Yahoo Beats 4Q Expectations on Earnings, Revenue

Yahoo (NASDAQ:YHOO) reported fourth-quarter sales and earnings that narrowly surpassed Wall Street expectations, though the latest results were hurt by weakness in display and search and continued pressure from Google (NASDAQ:GOOG).

The diversified search engine and media company said it earned $300.9 million, or 24 cents a share, compared with a year-earlier $317.9 million, or 24 cents a share. The results matched average estimates in a Thomson Reuters poll, but on an adjusted basis Yahoo said it earned 25 cents a share.

Revenue for the three-months ended Dec. 31 was $1.32 billion, down from $1.53 billion a year ago, narrowly trumping the Street’s view of $1.19 billion. Excluding traffic acquisition costs, the company said it earned $1.17 billion, a 3% year-over-year decrease.

As expected, both display and search revenues were lower during the quarter, with the latter booking a 27% GAAP decline to $465 million compared with $640 million in the year-earlier period.

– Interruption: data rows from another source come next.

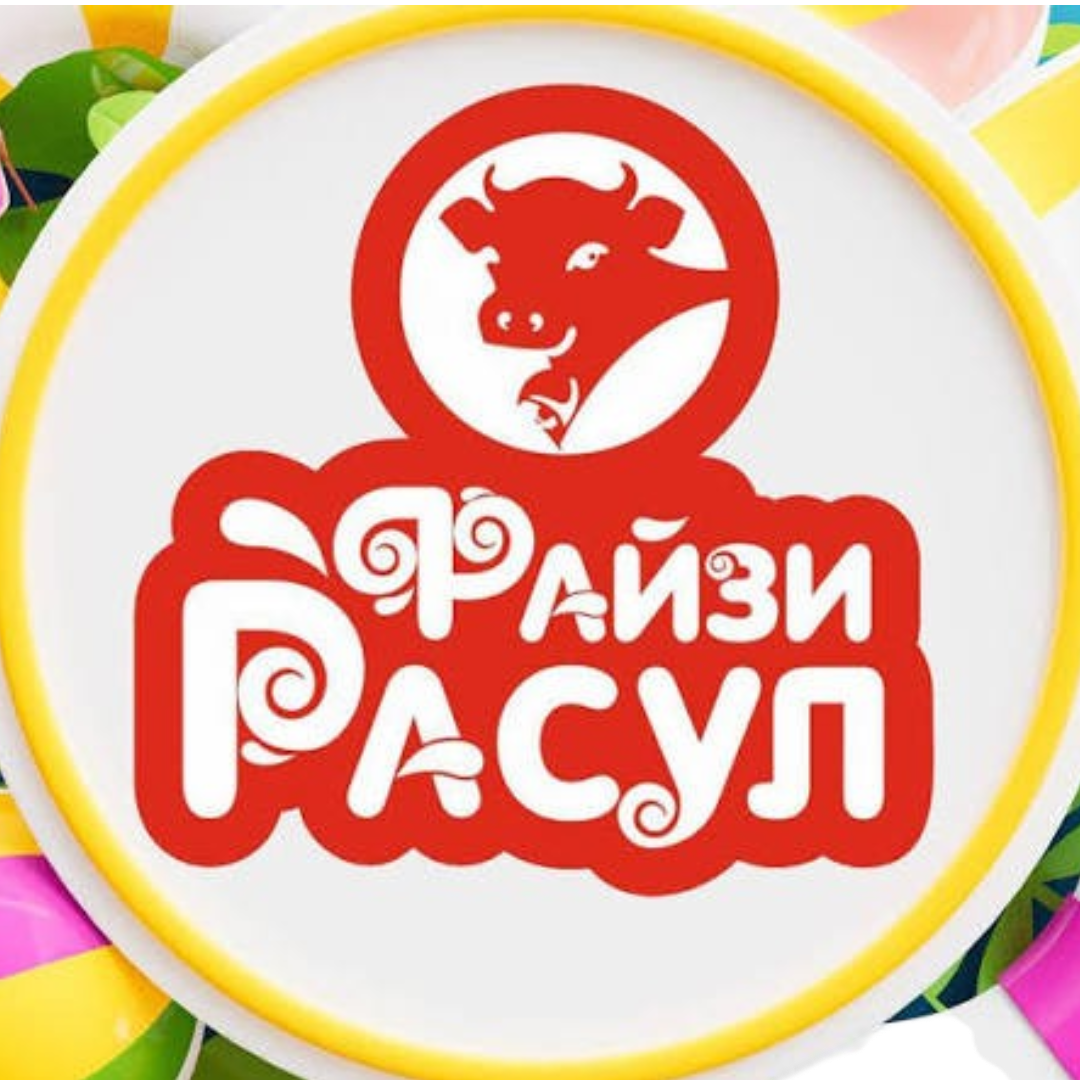 Файзи Расул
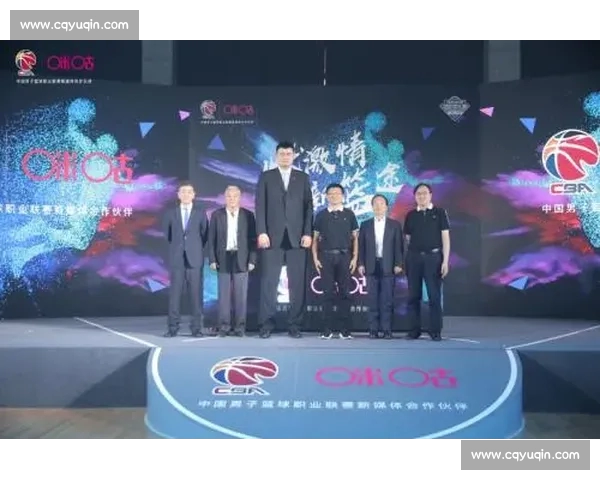 全程高清篮球直播精彩回放实时数据解析与赛事互动体验 全程高清篮球直播精彩回放实时数据解析与赛事互动体验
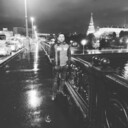 ���������� ����, ���� ������� �����, 38 ���, ������������ ��� ������, ����� � ���������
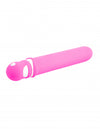 Neon Luv Touch Deluxe Pink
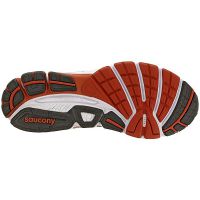 Saucony AW14/S20247-1 AB (foto 3)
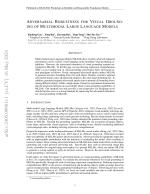 ADVERSARIAL ROBUSTNESS FOR VISUAL GROUNDING OF MULTIMODAL LARGE LANGUAGE MODELS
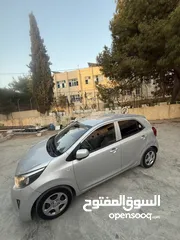  3 سعرررررر حررررررق بيكانتو 2020 ايد1 ولا ضربة بلاطات سمكات فخذات سعررررررر حررررررررق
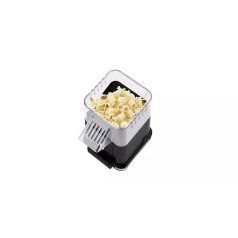   Berlinger Haus Black Rose Collection popcorn készítő BH-9581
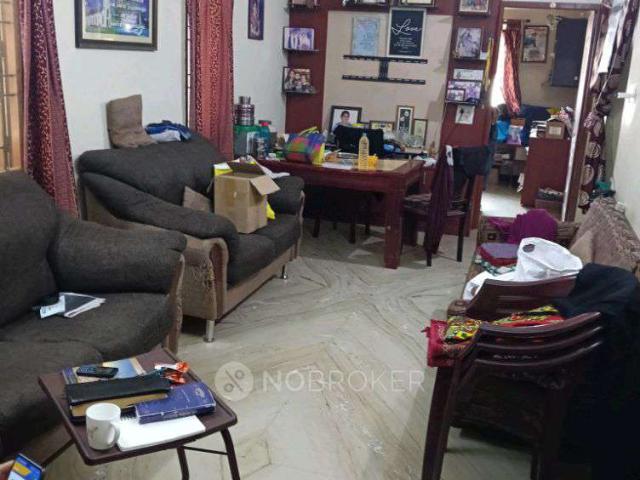 Flat for sale in Kilkattalai, Tamil Nadu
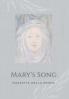 Mary's Song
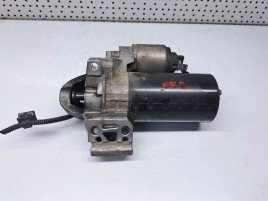  Electromotor 11 dinti Bmw 3 (F30) [Fabr 2012-2017] 8570383 2.0 N47T  120KW / 163CP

Display revenues were down 4% to $635 million.

“Yahoo continued to make progress in the quarter with operating income increasing 10% year over year,” CEO Scott Thompson said in a statement.

Thompson, who replaced Carol Bartz in September, said the company will be “aligning resources behind key areas of focus” in 2012 to “move aggressively in market” and bring innovative new products to users and advertisers.

The company partially attributed the sales declines to a revenue share-related search agreement reached with Microsoft (NASDAQ:MSFT) during the quarter that allows the two companies and AOL to offer each other’s premium non-reserve online display inventory to their respective advertising customers.

The company, which received $48 million in search operating cost reimbursements from Microsoft during the fourth quarter, said those are expected to decline as Yahoo fully transitions all markets to Microsoft’s search platform.

Yahoo is anticipating first-quarter revenue, excluding traffic acquisition costs, in the range of $1.03 billion and $1.1 billion. It sees GAAP revenues between $1.17 billion and $1.12 billion. Wall Street is looking for first-quarter sales of $1.08 billion.